Some of the most effective sensory techniques are based on proprioceptive input. Huh? I know, it’s a bit of a mouthful, but it basically translates to one’s ability to sense where the body is located in relation to other things. For example, you use proprioception any time you sit down, lean against something, jump, or even chew gum. The good news is that proprioceptive feedback can often be calming to the nervous systems when a child is feeling anxious.
How does it work? There are many ways to get this kind of physical input. You will find that your child may prefer some types of techniques and reject others, which is fine—let him or her do whatever works best. In many cases, it will be most effective if you do the activity together. Here are a few suggestions to offer when your child becomes anxious:
- Swing on a swing set.
- Jump on a trampoline, or do jumping jacks.
- Lean against an adult’s leg or arm.
- Ask an adult to rub the child’s back.
- Ask for a bear hug.
- Chew a piece of gum or something that requires crunching, like pretzels.
- Wrap up in a blanket or quilt.
- Push against a wall or doorway (as if trying to knock it over).
These activities can be appropriate for preschoolers, school-age children, or teenagers, with minor adjustments depending on the environment. Preschoolers, who are too young to understand why these actions are calming, will need to be gently redirected into a sensory activity. These young children can also be taught how to do a “monster walk” with long, heavy, plodding steps, which will have the effect of giving their bodies input about the connection between ground and feet. Older children and teenagers will probably prefer to use techniques that are subtler so that their behavior doesn’t draw attention. For them, a technique like leaning on a wall or crunching on a snack can be effective without seeming obvious.

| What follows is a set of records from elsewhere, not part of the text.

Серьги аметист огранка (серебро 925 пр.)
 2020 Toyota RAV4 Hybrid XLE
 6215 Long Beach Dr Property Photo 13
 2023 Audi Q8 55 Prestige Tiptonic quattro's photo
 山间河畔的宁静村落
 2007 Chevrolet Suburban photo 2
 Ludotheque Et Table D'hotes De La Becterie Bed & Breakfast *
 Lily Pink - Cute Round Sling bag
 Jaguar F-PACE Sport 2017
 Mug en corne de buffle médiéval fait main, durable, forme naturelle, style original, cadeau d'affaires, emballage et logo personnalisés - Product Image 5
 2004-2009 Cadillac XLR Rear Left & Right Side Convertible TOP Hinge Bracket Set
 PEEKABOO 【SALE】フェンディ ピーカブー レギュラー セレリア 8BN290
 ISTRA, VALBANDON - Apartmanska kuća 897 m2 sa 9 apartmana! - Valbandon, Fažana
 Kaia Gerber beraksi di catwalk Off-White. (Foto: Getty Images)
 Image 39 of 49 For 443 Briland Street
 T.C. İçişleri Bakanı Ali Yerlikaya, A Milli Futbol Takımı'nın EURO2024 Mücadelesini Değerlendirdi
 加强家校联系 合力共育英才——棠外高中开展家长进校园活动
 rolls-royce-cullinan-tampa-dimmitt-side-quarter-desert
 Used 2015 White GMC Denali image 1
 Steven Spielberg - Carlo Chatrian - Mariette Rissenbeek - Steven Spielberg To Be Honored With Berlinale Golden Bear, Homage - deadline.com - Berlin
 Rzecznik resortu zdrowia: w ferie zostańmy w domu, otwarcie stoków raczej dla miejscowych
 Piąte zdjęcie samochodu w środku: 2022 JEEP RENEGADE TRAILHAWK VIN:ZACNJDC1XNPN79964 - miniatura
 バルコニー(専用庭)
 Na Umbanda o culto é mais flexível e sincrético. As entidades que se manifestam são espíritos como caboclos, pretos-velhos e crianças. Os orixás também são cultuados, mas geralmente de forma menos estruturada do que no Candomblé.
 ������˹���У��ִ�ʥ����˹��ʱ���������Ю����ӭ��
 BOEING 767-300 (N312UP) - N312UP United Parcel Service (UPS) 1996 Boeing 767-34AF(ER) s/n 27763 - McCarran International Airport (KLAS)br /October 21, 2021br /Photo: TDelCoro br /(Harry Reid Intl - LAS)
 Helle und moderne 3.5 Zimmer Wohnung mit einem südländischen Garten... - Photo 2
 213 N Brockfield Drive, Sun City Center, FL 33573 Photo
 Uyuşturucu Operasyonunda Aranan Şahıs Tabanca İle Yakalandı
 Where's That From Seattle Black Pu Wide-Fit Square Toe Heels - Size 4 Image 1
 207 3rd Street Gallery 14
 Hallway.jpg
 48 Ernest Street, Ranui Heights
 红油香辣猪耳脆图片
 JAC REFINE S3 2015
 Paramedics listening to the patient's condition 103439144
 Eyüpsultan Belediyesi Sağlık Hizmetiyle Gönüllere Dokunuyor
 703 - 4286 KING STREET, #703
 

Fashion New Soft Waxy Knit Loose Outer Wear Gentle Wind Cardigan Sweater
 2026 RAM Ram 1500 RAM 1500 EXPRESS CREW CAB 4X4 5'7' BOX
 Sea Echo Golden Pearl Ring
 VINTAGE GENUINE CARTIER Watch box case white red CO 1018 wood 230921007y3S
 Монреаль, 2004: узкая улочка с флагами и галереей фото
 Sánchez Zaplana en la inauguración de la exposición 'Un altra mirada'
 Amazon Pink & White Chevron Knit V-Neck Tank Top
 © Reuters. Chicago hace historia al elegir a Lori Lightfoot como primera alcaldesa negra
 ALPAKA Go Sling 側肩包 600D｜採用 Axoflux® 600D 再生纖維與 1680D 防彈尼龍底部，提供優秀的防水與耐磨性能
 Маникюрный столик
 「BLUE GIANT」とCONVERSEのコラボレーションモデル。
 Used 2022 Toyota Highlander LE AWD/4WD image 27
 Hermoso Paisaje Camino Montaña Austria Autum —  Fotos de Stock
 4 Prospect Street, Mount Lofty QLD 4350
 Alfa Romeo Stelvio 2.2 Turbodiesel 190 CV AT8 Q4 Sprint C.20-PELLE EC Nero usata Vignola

It’s important to keep in mind that during an experience of anxiety, your child may not be open to trying anything new. Rather than saving these techniques for anxious situations, the best approach is to gradually incorporate them into everyday life. For younger children, pick one or two techniques to practice together as a fun game, such as “monster walks” or pushing a wall as “the strongest person in the world.” For older children, model your own use of similar techniques. For example, let your son see that Dad chews gum when he feels nervous. Older kids might be willing to try some role-playing (together with you) or visualization (on their own) as a way to “practice” using calming techniques in an anxious situation.
Sensory calming techniques can became a routine way to address anxiety before it becomes overwhelming. The more your child practices these techniques at home, the more he or she will begin to integrate them into a personal toolbox of coping mechanisms to use out in the world. Along with a listening ear and (if needed) the support of a counseling professional, sensory calming techniques can help your child ride out the storms of anxiety and come out smiling.